For terms see Morphology of Diptera

Cheilosia variabilis can reach a body length of 10–25 mm and a wing length of 9–12 mm. Like most Cheilosia this large species is blackish in color, causing it to sometimes be overlooked as a hoverfly. The face has outstanding hairs on the sides and a conspicuous central knob. Antennae are black or dark brown and hairs of arista are longer than the diameter of basal part. The thorax is black-haired, the abdomen is rather elongate and the tergites are pale yellow-haired. The wings are greyish and disproportionately long. Legs are entirely black. In males, the halteres are pale brown.

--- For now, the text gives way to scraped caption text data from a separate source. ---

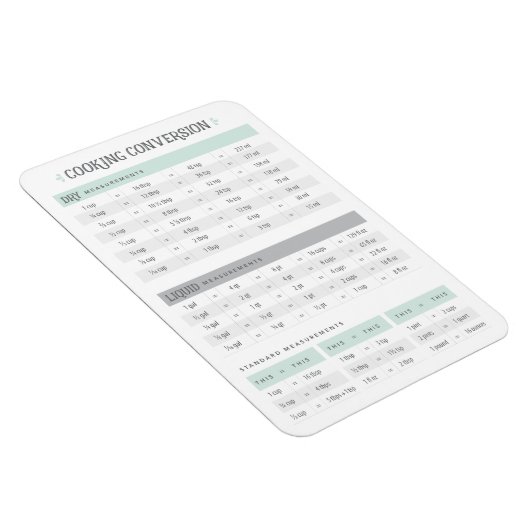 料理変換 マグネット (右側)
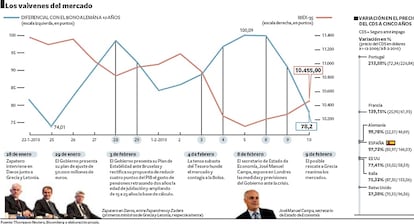 España mantiene una buena nota de solvencia, pero despierta recelos.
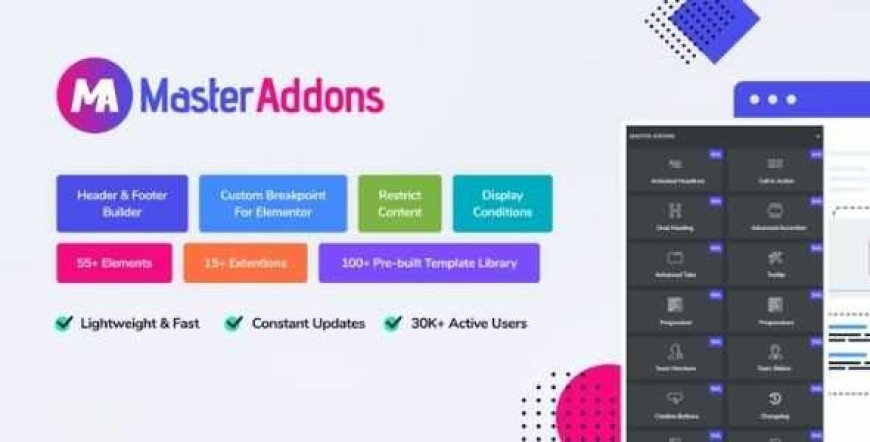 Master Addons for Elementor (Pro) v2.0.6.6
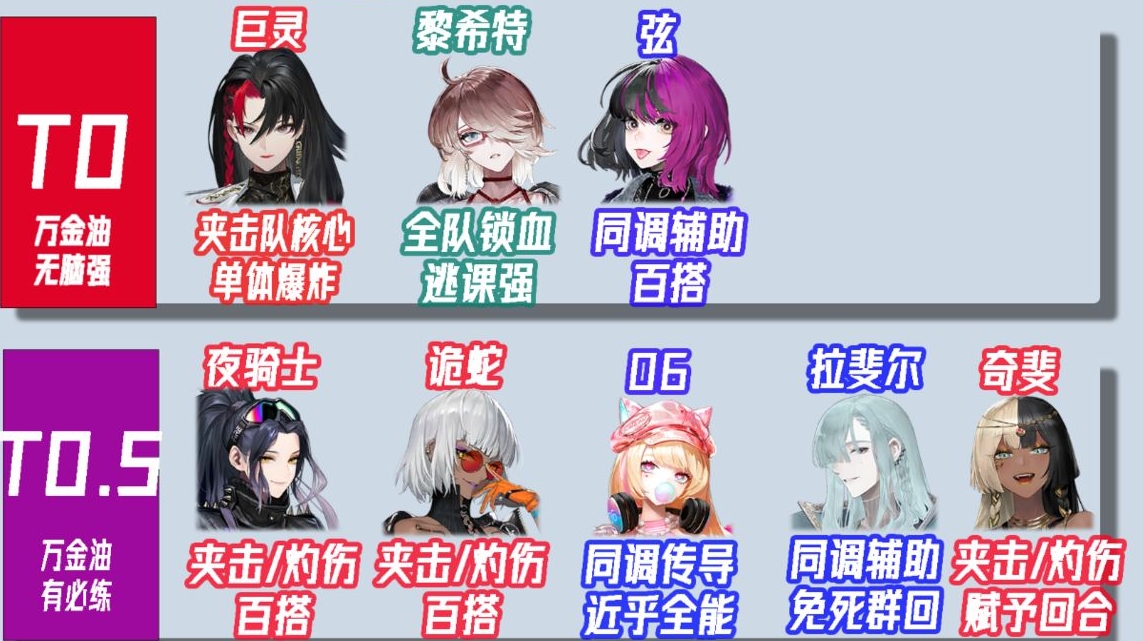 非匿名指令开荒角色推荐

 The larva is figured by Dusek (1962).

This species is rather similar to Cheilosia lasiopa, Cheilosia vulpina and Cheilosia griseiventris.

on Scrophularia nodosa

==Biology==
Adult hoverflies can be found from April to September in two generations per year, as this species is bivoltine. They visit flowers of white umbellifers, Aegopodium podagraria, Alliaria petiolata, Anthriscus sylvestris, Apiaceae, Aurinia saxatilis, Conium maculatum, Crataegus laevigata, Euphorbia cyparissias, Meum athamanticum, Potentilla reptans, Ranunculus repens, Salix spec., Sambucus nigra, Caltha, Cirsium, Galium, Scrophularia, Sorbus aucuparia.

The larvae are miners in the rhizomes of the common figwort (Scrophularia nodosa) (hence the common name) and in the stalks of the water figwort (Scrophularia auriculata).